This should be a simple question, but I've no idea about a strict proof.
Consider a $2\times2$ map $(x,y)\mapsto(f(x,y),g(x,y))$, where $f:\mathbb{R}^2\to\mathbb{R}$ and $g:\mathbb{R}^2\to\mathbb{R}$ are both continuous (sufficiently smooth, if needed) functions. If the Jacobian matrix of this map is invertible, then the map is locally invertible, which is a result of the inverse function theorem. However, there may be some looser conditions for such an invertibility.
Suppose that in a neighborhood of $(x^*,y^*)=(0,0)$, the function $f>0$ to one side of the nullcline of $f$ and $f<0$ to the other side, and the function $g>0$ to one side of the nullcline of $g$ and $g<0$ to the other; moreover, the two nullclines of $f$ and $g$ intersect at $(0,0)$, transversally.
Does it guarantee that the map $(x,y)\mapsto(f,g)$ is an invertible one?
I believe this is true, but still wonders how to prove it.
Let $h(x) = \begin{cases} x^2 & x \ge 0 \\ -x^2 & x < 0 \end{cases}$.
Let $q(x) = \begin{cases} \sin \frac{1}{x} & x \ne 0 \\ 0 & x = 0 \end{cases}$.

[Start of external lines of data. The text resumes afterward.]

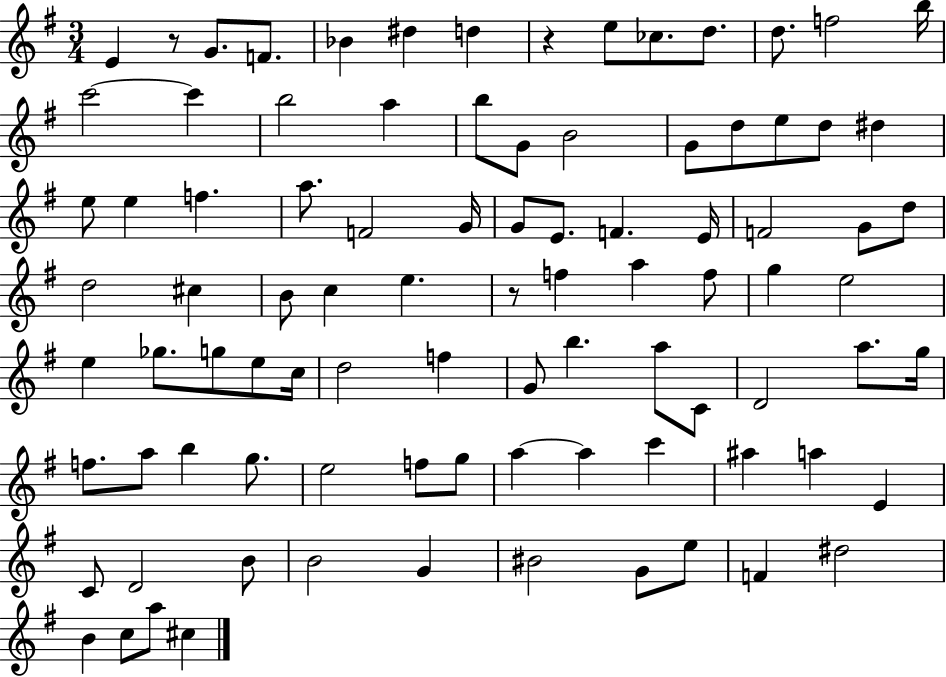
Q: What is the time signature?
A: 3/4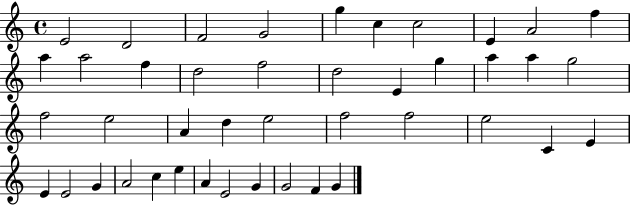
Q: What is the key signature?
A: C major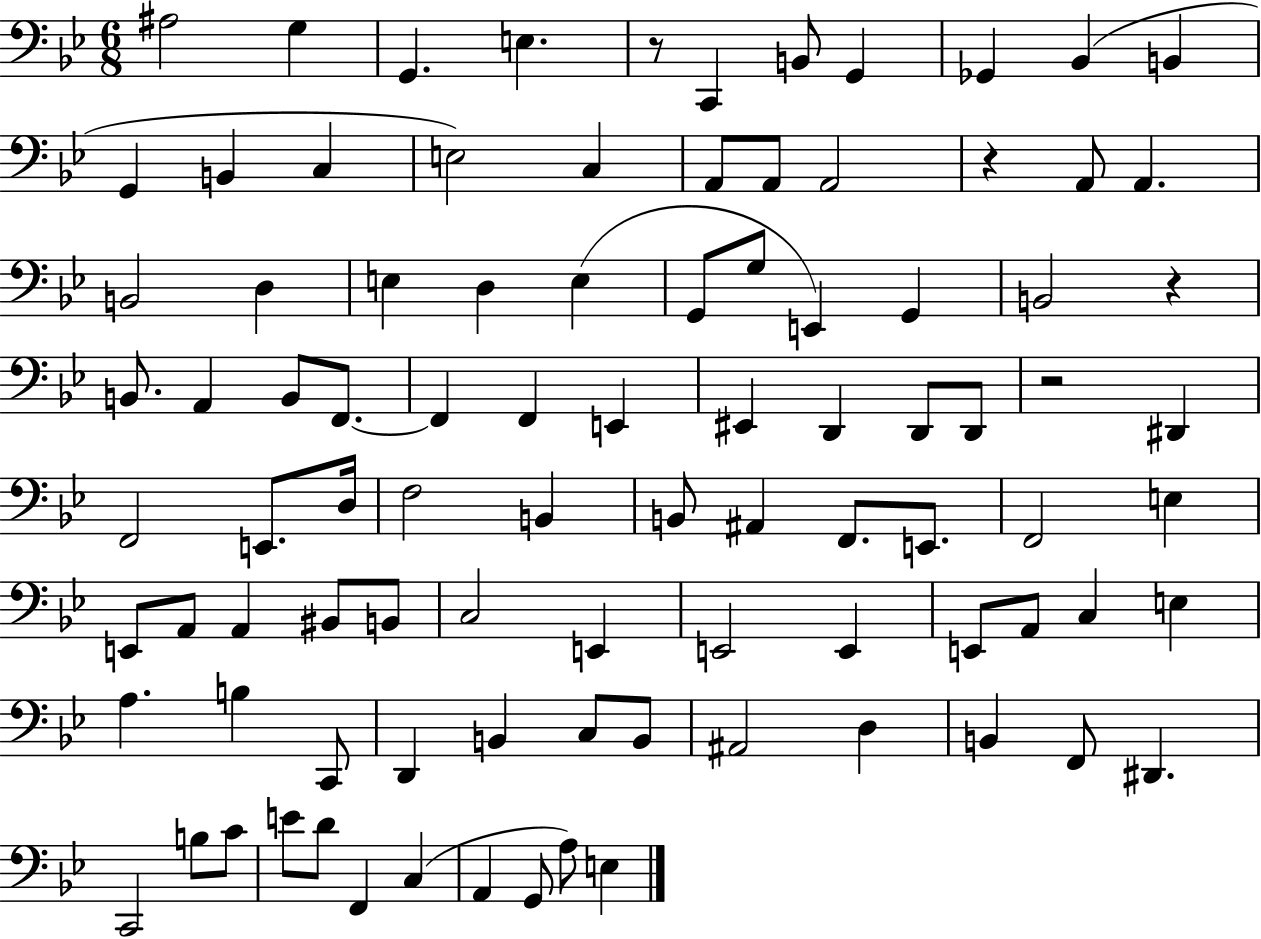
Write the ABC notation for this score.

X:1
T:Untitled
M:6/8
L:1/4
K:Bb
^A,2 G, G,, E, z/2 C,, B,,/2 G,, _G,, _B,, B,, G,, B,, C, E,2 C, A,,/2 A,,/2 A,,2 z A,,/2 A,, B,,2 D, E, D, E, G,,/2 G,/2 E,, G,, B,,2 z B,,/2 A,, B,,/2 F,,/2 F,, F,, E,, ^E,, D,, D,,/2 D,,/2 z2 ^D,, F,,2 E,,/2 D,/4 F,2 B,, B,,/2 ^A,, F,,/2 E,,/2 F,,2 E, E,,/2 A,,/2 A,, ^B,,/2 B,,/2 C,2 E,, E,,2 E,, E,,/2 A,,/2 C, E, A, B, C,,/2 D,, B,, C,/2 B,,/2 ^A,,2 D, B,, F,,/2 ^D,, C,,2 B,/2 C/2 E/2 D/2 F,, C, A,, G,,/2 A,/2 E,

Then I believe that $$ k(x) = (xq(x) + x) + h(x) $$ is strictly positive to the right of $0$, and strictly negative to the left of $0$, but is not invertible in any neighborhood of $0$.
Letting $f(x, y) = k(x); g(x, y) = y$, the map $(x, y) \to (f(x, y), g(x, y))$ is not invertible in any neighborhood of $(0,0)$, despite satisfying your conditions.